(What you are asked to do) The lines below must be transcribed exactly as given, with the images removed.

(Raw data)
-=-=-

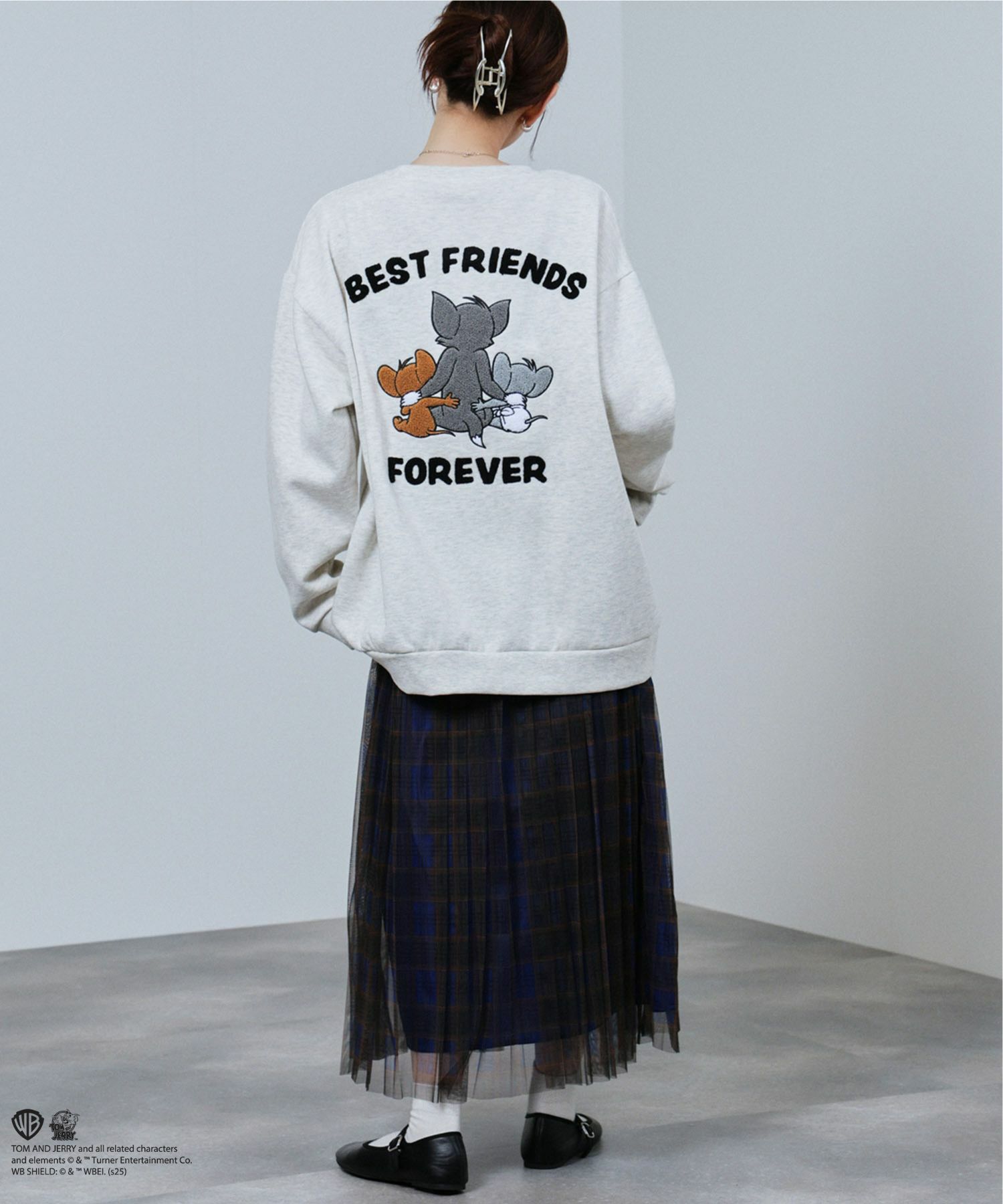 Tom and Jerry トム ジェリー タフィー サガラトレーナー メンズ商品画像-13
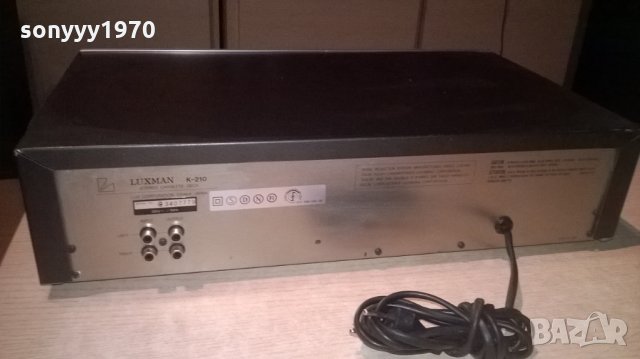 luxman k-210 deck-made in japan-внос швеицария, снимка 15 - Декове - 25115060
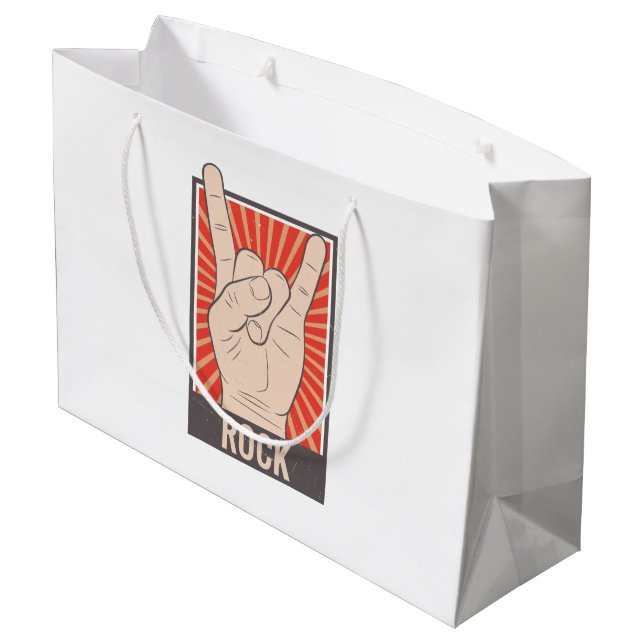 Rock The Party Large Gift Bag (Back Angled)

-=-=-

(Worked solution)
 Tom and Jerry トム ジェリー タフィー サガラトレーナー メンズ商品画像-13
 luxman k-210 deck-made in japan-внос швеицария, снимка 15 - Декове - 25115060
 Rock The Party Large Gift Bag (Back Angled)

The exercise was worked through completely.